━━━━━ Supplied data ━━━━━

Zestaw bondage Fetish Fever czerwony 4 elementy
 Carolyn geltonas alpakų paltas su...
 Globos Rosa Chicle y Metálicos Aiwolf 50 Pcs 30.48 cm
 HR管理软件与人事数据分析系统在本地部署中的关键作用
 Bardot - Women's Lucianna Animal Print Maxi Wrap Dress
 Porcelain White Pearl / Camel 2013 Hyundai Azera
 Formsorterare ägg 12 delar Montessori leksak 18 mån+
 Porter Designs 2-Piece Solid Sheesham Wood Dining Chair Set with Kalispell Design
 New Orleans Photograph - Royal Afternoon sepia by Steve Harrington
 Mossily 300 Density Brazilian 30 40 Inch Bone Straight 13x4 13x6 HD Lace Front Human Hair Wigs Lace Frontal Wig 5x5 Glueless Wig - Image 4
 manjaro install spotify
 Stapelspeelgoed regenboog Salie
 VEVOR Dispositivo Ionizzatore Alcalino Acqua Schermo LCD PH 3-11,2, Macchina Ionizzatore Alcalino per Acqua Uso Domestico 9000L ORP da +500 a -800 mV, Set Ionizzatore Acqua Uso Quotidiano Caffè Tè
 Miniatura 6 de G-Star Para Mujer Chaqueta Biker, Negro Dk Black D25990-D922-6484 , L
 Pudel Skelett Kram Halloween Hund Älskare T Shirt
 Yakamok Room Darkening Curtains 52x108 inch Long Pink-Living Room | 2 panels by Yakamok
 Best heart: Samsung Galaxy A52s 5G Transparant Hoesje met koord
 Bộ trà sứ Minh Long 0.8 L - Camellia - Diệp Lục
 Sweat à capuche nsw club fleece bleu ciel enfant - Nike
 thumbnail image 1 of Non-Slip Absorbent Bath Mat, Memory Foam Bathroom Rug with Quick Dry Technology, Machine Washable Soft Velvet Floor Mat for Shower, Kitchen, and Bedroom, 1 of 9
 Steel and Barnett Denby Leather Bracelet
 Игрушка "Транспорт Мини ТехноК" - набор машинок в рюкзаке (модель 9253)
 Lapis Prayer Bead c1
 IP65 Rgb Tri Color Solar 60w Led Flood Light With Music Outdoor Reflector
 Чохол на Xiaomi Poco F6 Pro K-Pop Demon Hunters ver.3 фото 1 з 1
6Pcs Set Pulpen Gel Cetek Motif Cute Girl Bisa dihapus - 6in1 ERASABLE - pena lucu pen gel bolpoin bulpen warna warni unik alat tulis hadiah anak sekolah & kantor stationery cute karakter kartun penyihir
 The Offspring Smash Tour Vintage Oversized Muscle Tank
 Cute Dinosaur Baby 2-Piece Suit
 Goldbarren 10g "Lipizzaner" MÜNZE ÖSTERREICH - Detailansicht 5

━━━━━

[What you should do]: Copy each line of the preceding data that contains the string "Long".

[Reply]:
 Yakamok Room Darkening Curtains 52x108 inch Long Pink-Living Room | 2 panels by Yakamok
 Bộ trà sứ Minh Long 0.8 L - Camellia - Diệp Lục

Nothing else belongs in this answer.